# $4/case canning jars @ Wal Mart!



## blu_redneck (Dec 26, 2007)

Was in Tulsa yesterday and in a center isle between the meat dept. and frozen foods dept. was a mountain of pint and quart canning jars on sale for $4/case! Might be a good time to stock up! Good luck all!


----------



## mekasmom (Jan 19, 2010)

I wish they were that here. Yesterday, they were regular price here.


----------



## rancher1913 (Dec 5, 2008)

Not to be a canning nazi, but.... were they American made? I have heard lots of complaints about the jars made in China (including coming from my own lips). They tend to break as the glass is a lot thinner. That being said - I just cleaned out my Dollar Generals of all their jars. Golden Harvest is USA made and has always performed well for me. I ended up paying about $7 for quarts and $6 for pints.

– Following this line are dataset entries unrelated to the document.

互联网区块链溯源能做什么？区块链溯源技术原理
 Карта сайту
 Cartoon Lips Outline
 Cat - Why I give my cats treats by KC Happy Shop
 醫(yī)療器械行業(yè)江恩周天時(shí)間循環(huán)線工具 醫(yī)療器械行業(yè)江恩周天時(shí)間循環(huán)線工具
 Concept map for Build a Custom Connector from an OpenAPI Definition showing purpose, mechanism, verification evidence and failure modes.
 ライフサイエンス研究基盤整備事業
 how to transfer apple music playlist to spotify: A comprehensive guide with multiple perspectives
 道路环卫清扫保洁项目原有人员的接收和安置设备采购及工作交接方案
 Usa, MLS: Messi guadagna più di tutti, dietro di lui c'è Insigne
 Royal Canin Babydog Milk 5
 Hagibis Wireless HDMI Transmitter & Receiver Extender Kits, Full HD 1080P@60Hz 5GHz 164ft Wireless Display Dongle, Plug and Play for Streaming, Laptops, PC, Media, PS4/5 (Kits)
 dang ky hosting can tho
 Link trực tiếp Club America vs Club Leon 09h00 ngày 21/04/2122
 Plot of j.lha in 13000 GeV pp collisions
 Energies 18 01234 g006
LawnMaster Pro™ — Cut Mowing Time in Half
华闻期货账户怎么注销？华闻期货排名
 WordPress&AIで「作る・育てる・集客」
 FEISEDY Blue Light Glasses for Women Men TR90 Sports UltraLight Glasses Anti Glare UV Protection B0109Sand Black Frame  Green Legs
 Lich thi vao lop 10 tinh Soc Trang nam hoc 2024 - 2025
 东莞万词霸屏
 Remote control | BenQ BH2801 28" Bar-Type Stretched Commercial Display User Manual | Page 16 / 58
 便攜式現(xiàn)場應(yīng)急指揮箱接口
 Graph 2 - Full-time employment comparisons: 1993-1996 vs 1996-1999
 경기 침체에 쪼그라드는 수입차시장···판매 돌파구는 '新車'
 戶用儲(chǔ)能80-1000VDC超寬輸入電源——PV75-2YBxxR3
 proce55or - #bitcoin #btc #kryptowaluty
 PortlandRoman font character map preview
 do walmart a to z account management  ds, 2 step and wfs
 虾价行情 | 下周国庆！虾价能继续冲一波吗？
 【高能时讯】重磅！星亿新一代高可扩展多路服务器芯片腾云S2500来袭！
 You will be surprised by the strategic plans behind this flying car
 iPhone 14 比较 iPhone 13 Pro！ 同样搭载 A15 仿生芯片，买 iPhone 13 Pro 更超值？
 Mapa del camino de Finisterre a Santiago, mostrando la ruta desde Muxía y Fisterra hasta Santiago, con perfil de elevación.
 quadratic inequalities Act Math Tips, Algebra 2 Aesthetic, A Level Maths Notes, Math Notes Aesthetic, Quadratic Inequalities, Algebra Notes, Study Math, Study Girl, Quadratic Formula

Great sale, though! Hope you stocked up.

Moldy


----------



## terri9630 (Mar 12, 2012)

They were regular price here yesterday.


----------



## my3boys (Jan 18, 2011)

Were these Ball/Kerr jars?


----------



## calliemoonbeam (Aug 7, 2007)

And which Walmart? lol There are about 8-10 in the Tulsa area, and they don't always have the same things on sale! Thanks for the heads up though.


----------



## Badger (Jun 11, 2010)

Kerr wide mouth quarts were $10.00 yesterday


----------